◆ ASSIGNMENT
Go to the line holding "Tek bir sarı" in the entries below and write out exactly every line down to and including the line holding "Translocation intermediate 3".

◆ MATERIAL FOR THIS EXERCISE
+ + + + +
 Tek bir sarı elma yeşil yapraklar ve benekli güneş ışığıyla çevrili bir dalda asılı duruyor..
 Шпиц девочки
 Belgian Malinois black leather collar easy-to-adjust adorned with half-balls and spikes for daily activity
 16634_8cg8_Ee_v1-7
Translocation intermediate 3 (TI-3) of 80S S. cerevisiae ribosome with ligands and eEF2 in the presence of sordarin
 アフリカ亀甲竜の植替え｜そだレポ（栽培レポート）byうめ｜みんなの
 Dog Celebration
+ + + + +
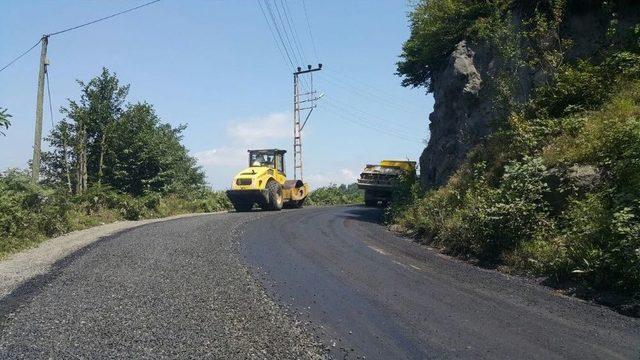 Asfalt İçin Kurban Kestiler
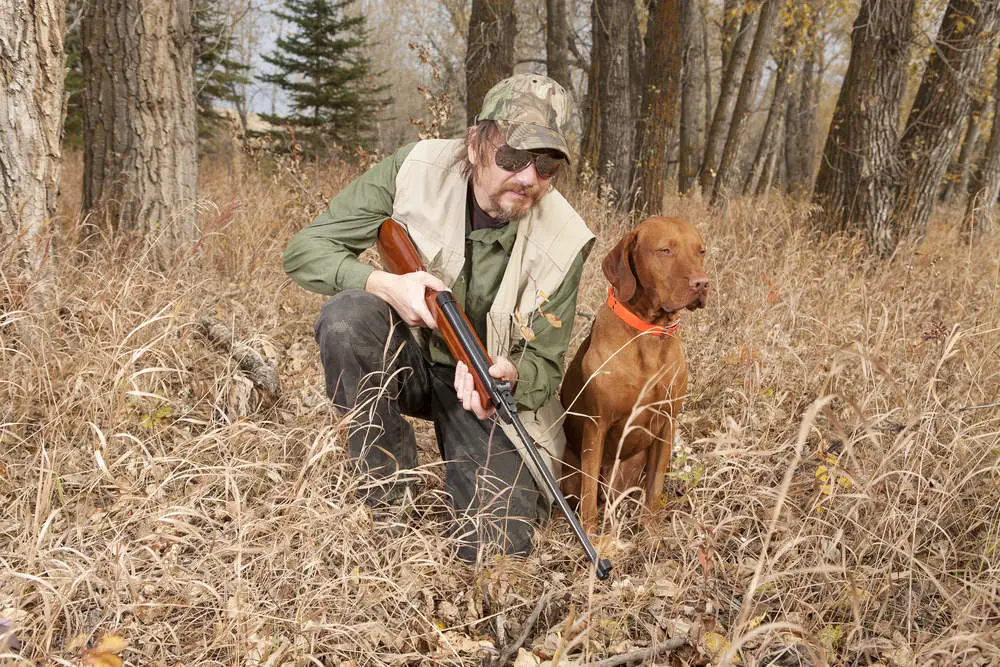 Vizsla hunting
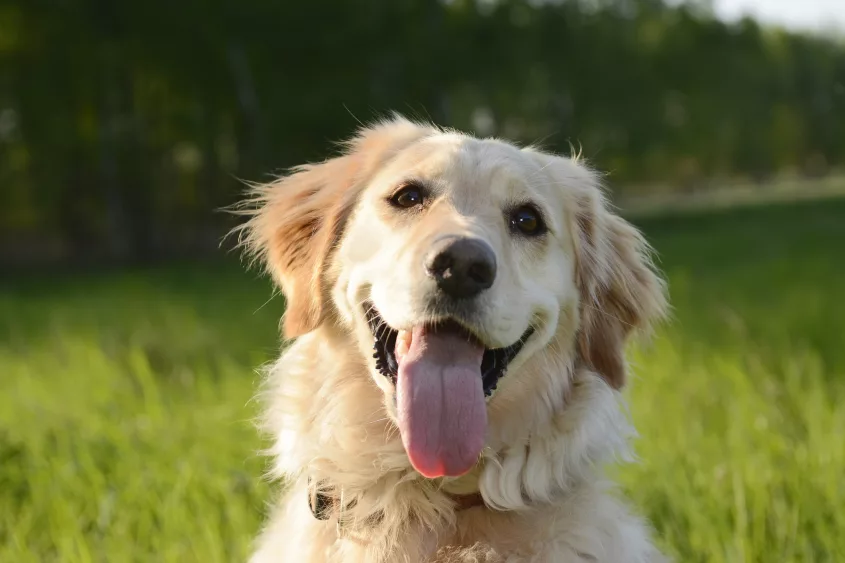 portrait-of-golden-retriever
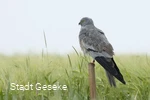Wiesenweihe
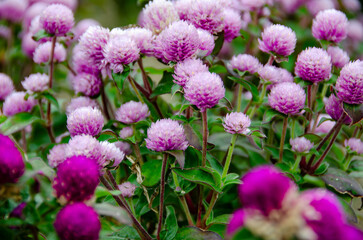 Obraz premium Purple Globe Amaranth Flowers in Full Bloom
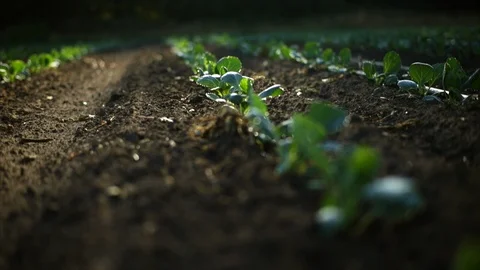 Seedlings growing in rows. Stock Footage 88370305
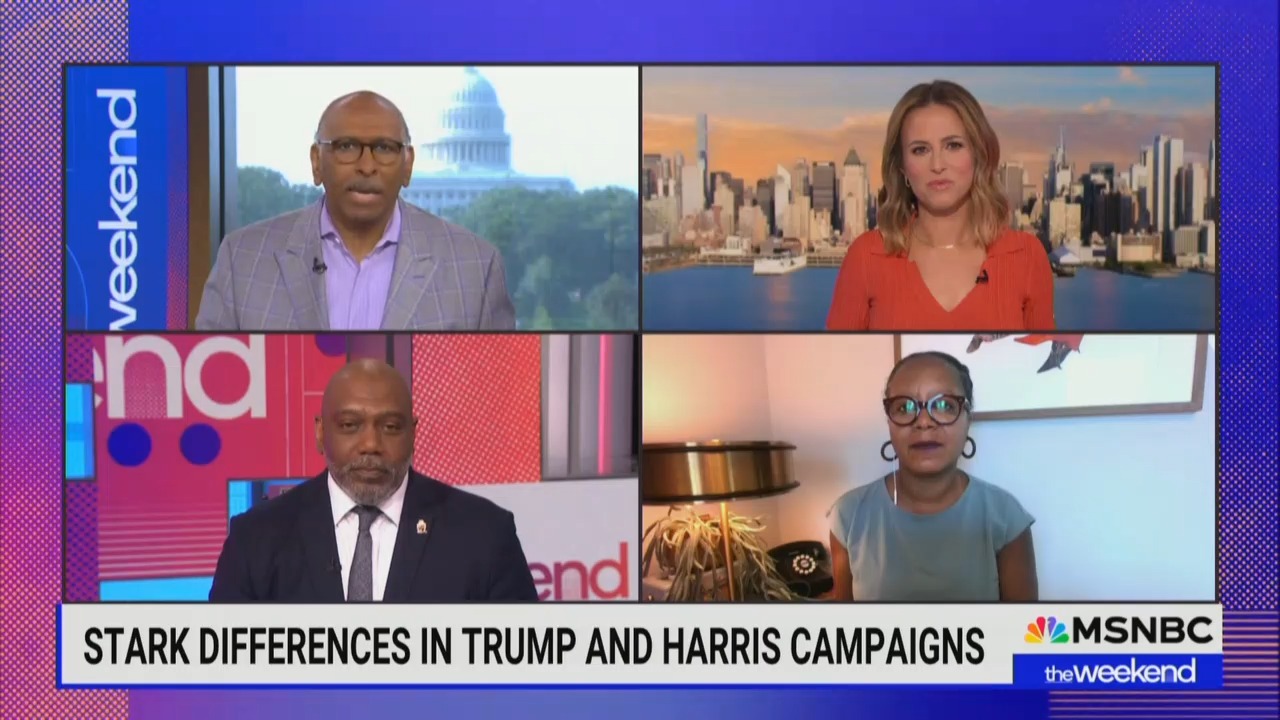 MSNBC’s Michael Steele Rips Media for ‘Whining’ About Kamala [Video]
+ + + + +
◆ EXERCISE RESULT
 Tek bir sarı elma yeşil yapraklar ve benekli güneş ışığıyla çevrili bir dalda asılı duruyor..
 Шпиц девочки
 Belgian Malinois black leather collar easy-to-adjust adorned with half-balls and spikes for daily activity
 16634_8cg8_Ee_v1-7
Translocation intermediate 3 (TI-3) of 80S S. cerevisiae ribosome with ligands and eEF2 in the presence of sordarin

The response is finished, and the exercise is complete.